Happy Writers and Unhappy Customers

This could be a common situation when customers are consuming your documentation. You’ve produced good work in researching the product, creating a blueprint, applying the writing style, and getting comments from developers. Your JIRA tasks met sprint objectives and were done in time.

Why Could Customers be Unhappy?

Unhappy customers may not be because the content is poorly written or is accurate. It may be because they have had problems using the documentation.

But Your Documentation is on a Website!

Your documentation is available to all from a website. You’ve picked a documentation tool that has effective templates, is easy-to-use, and fits nicely with the technical requirements of the software (e.g. it is a jamstack solution that uses static site generators). No matter how well-implemented or attractive the documentation appears in its design, it still doesn’t help the needs of the consumer.

Customers Still Call Support

When customers have no time, they would rather call support than read through the content. Even if the content is rich and informative, it may not help in certain situations. They may try to call support even though the documentation is there. Moreover, your company may have dedicated support channels, and they know who to call.

Understanding the Customer Journey

Whether or not a customer reads the documentation, their journey starts when they arrive at your site. They should be able to make a decision from the home page as where to go next. Normally, this is through a search or via the navigation menus.

Short Form vs Long Form Content

Short-form content gives the customer a brief synopsis of the product or functionality, allowing them to understand the product and make decisions on what to read next.

Long form content is information in more detail, covering procedures, reference material, and further concepts.

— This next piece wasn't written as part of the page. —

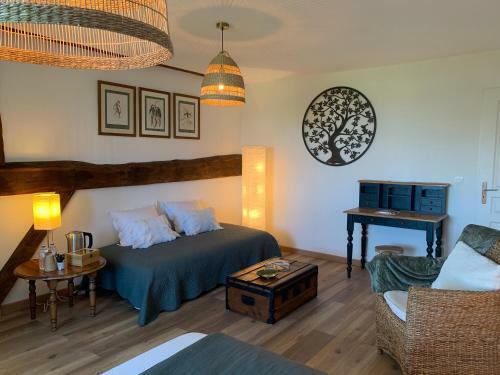 Bed & Breakfast Maison Mard'or Chambre For�t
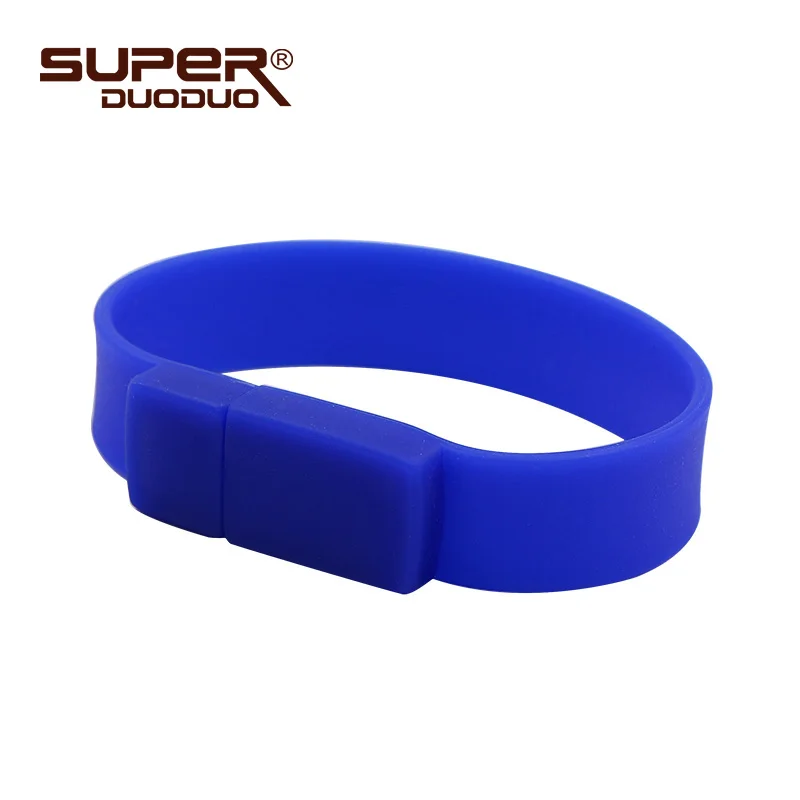 Blue Флешка 4 ГБ 8 ГБ 16 ГБ 32 ГБ 64 Гб USB флеш-накопитель милый Губка Боб Патрик вместе U диск прекрасный креативный мультяшный флеш-накопитель - Цвет: Blue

Both forms of content go together. Users may stop after reading the short form content. That’s great if the short form text provides all the information they need. Or, they could venture further in to the long content.


Many users explore the documentation from a search. Therefore, ensuring that the pages are findable from their keyword combinations is key. If your site is implemented in MadCap Flare, you can configure search by setting up various search tags. But if your documentation site links to a provider like Algolia, setting up search is almost automatic.

Navigation Menus

There are many ways to design navigation menus. While a left-hand menu bar is common, there are documentation sites with additional navigation menus in the main pages. This design exists in the Spotify help centre and the Akash Network. An over-crowded left-hand menu bar alone can make a site hard to navigate.

Organising the Pages into a Logical Order

Once customers know where to go, organising the pages in a logical order is essential for completing their journey. Depending on how they use your content, there may not be a complete right or wrong answer. For example, one helpdesk team informed me that typical customers would be less likely to read conceptual content before doing the steps. This differed from my own learnings of the product, and the initial feedback that I received.

Defining Quality

Lastly, improving the documentation to help customers should be part of a definition of quality. In her presentation at Write the Docs Prague in 2016, Riona McNamara from Google explains that quality in technical documentation can be defined as either Functional Quality and Structural Quality (see As Good As It Gets: Why Better Trumps Best). Structural Quality focuses on the immediately tangible areas that make documentation quality, e.g., the way it is written and laid out. Functional Quality, on the other hand, is whether the documentation achieves what is supposed to do.

In short, you could consider these two definitions in your plan to improve the documentation and make customers happy.